La fobia sociale è un problema più
frequente di quanto si pensi. Negli anni mi è capitato di incontrare diverse
persone che ne soffrivano: bambini e adulti, ma soprattutto adolescenti e
ragazzi tra i venti e i trent’anni. In realtà spesso il disturbo insorge
durante l’infanzia, ma le persone si decidono a chiedere un aiuto solo dopo
anni di sofferenze.
Ma cos’è la fobia sociale? Per una
descrizione esaustiva del disturbo, rimando ad un articolo che ho scritto tempo
fa (http://www.ansiasociale.it/articoli-psicologia/la-fobia-sociale-quando-lestraneo-fa-paura). In sintesi, è una forma estrema di timidezza, che rende difficile
rapportarsi a quasi tutte le persone: di solito, meno sono familiari le
persone, più la difficoltà aumenta. Questa timidezza provoca un’ansia così
grande da compromettere tutte le aree più importanti della vita di un
individuo: amicizie, relazioni sentimentali, studio, lavoro, passioni,
autorealizzazione.
Il pensiero costante è: “cosa penseranno gli altri di me se
faccio-non faccio/dico-non dico questa cosa?” E questo pensiero condiziona
tutte le scelte della persona, da quelle più banali (come entrare o meno in un
bar per prendere un caffè), a quelle più importanti (sostenere esami
universitari, colloqui di lavoro). Questo pensiero sarà presente se vorrà
chiamare un amico, chiedere ad una ragazza di uscire o partecipare ad una
conversazione in un gruppo.
Insieme a questo pensiero, c’è la
costante autocritica: “non sono
simpatico, brillante, intelligente, bello come gli altri”, “sono uno sfigato”,
“non mi vuole nessuno”.
Vincent van Gogh - Piante di iris (1889) |
Per non sentire l’ansia e
l’imbarazzo che questi pensieri comportano, la persona che soffre di fobia
tenderà, quando può, ad evitare tutte quelle situazioni che lo
espongono al contatto con gli altri. Per questo, la fobia sociale, più di
altri disturbi, condanna alla solitudine.
La sofferenza è così grande che
alcuni prendono in considerazione l’idea del suicidio (è il caso di Beatrice, ma ne parlerò più avanti).
Vorrei cominciare questa serie di
post con una nota positiva: non siete
condannati a vivere tutta la vita come state vivendo ora. Si guarisce? Se
per guarigione si intende il miracoloso cambiamento da una personalità timida
ad una eccezionalmente estroversa, no. Se si intende la scomparsa di tutti i
pensieri negativi che vi hanno accompagnati per tutta la vita e che vi hanno
impedito di vivere la vita che avreste voluto, no. Se immaginate la magica
scomparsa di emozioni negative quali ansia, paura, imbarazzo e dolore, no.

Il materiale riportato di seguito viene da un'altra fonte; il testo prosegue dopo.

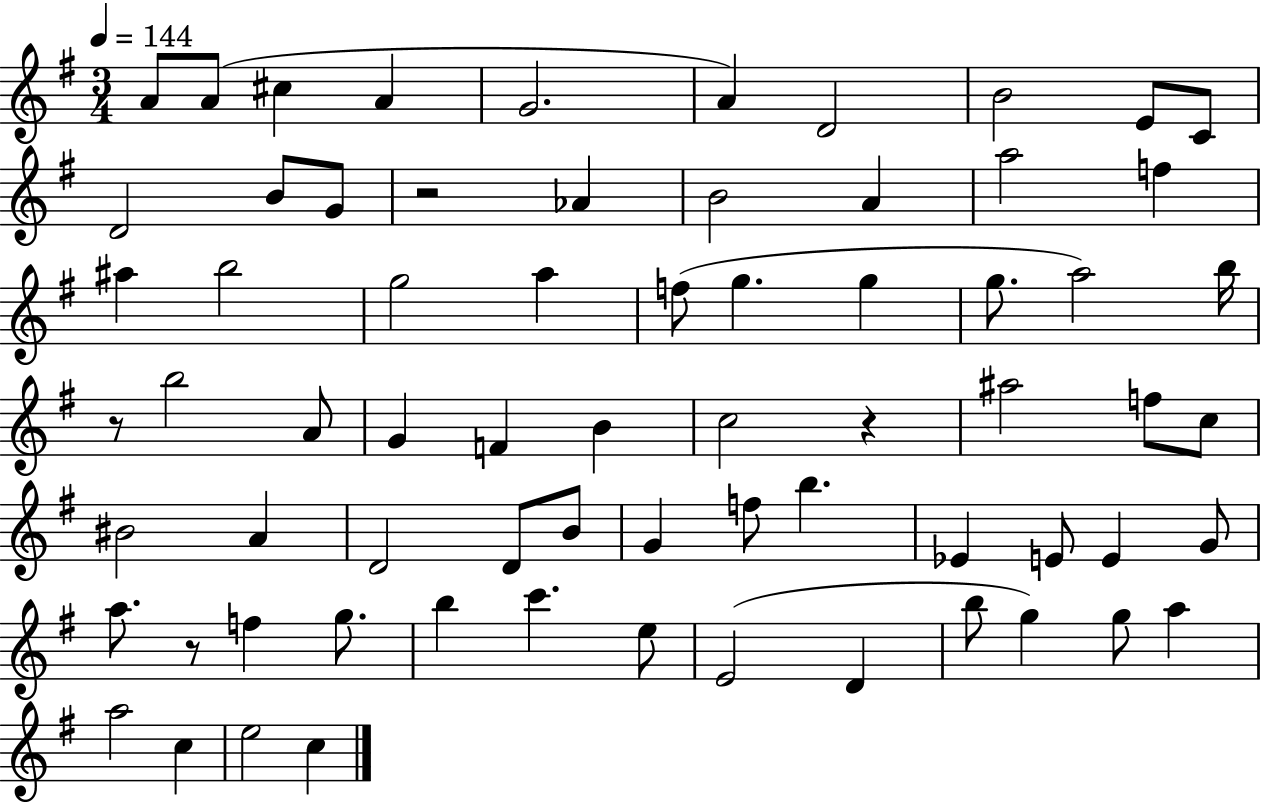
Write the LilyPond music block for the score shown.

{
  \clef treble
  \numericTimeSignature
  \time 3/4
  \key g \major
  \tempo 4 = 144
  a'8 a'8( cis''4 a'4 | g'2. | a'4) d'2 | b'2 e'8 c'8 | \break d'2 b'8 g'8 | r2 aes'4 | b'2 a'4 | a''2 f''4 | \break ais''4 b''2 | g''2 a''4 | f''8( g''4. g''4 | g''8. a''2) b''16 | \break r8 b''2 a'8 | g'4 f'4 b'4 | c''2 r4 | ais''2 f''8 c''8 | \break bis'2 a'4 | d'2 d'8 b'8 | g'4 f''8 b''4. | ees'4 e'8 e'4 g'8 | \break a''8. r8 f''4 g''8. | b''4 c'''4. e''8 | e'2( d'4 | b''8 g''4) g''8 a''4 | \break a''2 c''4 | e''2 c''4 | \bar "|."
}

Ma allora?! Se vi dicessi che
pensieri ed emozioni spiacevoli non scompariranno, ma imparerete un modo nuovo
di trattarli e che questi non influenzeranno più tutte le decisioni della
vostra vita? Se vi dicessi che potrete sentirvi liberi di andare dove volete e fare ciò che desiderate, studiare,
lavorare, fare nuove amicizie, incontrare nuove persone? Vi considerereste “guariti”? Se poteste inseguire i vostri sogni e diventare la
persona che vorreste diventare?
Solitudine? |
E tutto questo grazie alla mindfulness (per qualche informazione in più sulla mindfulness). Ma cosa fa la mindfulness?
Russ Harris per spiegarlo propone la metafora del film horror (Russ Harris, “Fare ACT”, Franco Angeli):
“adesso quando questi ricordi
compaiono, è come guardare un film dell’orrore terrificante a notte fonda,
tutto da solo, in una vecchia casa, con tutte le luci spente. Supponi invece di
stare a guardare lo stesso identico film, la TV è nell’angolo della stanza, ma
è pieno giorno, la luce del sole passa attraverso le finestre, la tua casa è
piena di amici e familiari, e state interagendo gli uni con gli altri: ridendo,
parlando, mangiando e divertendovi. Il film non è cambiato di una virgola – è
ancora alla TV nell’angolo della stanza – ma adesso sta avendo molto meno
effetto su di te.”
Incredibile, vero? Eppure, si può fare.
Tra qualche giorno vi parlerò di
Paola e di come la mindfulness sta cambiando la sua vita.